I knew that pregnancy was an obvious condition, but I was unaware that most people consider it a community project.
I was working on something (I forget what, but the key is that I was working, because I was at work) and a co-worker came into my office to hand me a "hilarious" book which she found very helpful and very funny and even now, she was giggling as she handed it to me. It is called The Girlfriend's Guide to Pregnancy: Or Everything Your Doctor Won't Tell You, and it is just that, everything you would discuss with your Girlfriends, if you had Girlfriends, which I don't. And, having glanced at this book, I'm glad that I don't. Nosey busybodies. But I accepted the book with good grace and thanked the woman profusely, who then proceeded to stand in my doorway for fifteen minutes and offer random bits of advice, from bottle feeding to the benefits of co-sleeping, all without my having to say a word. She ended by offering to give me her entire five year collection of Child Magazine. I asked her to let me borrow just one.

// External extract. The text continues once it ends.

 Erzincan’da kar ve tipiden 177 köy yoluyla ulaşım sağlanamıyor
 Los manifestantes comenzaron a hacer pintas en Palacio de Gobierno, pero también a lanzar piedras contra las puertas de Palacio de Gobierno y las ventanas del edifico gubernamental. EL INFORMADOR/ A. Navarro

Having handled that burst of well-intended but unsolicited advice, I went about my work-day. An hour later I received a phone call from a nice but rather dull woman who works part-time downstairs. I hardly know her, but she was calling me from home to offer me her daughter's entire collection of maternity wear. "I know you've got a male colleague sitting with you there," she said, "So you can just say yes or no. We'll keep it low-key." Bewildered at both the offer and the secrecy, I said yes. When I hung up I started laughing hysterically, which got my (male) co-worker's attention. "What's funny?" he asked.
I tried to explain that I found all the generosity extremely funny, but he didn't really get it.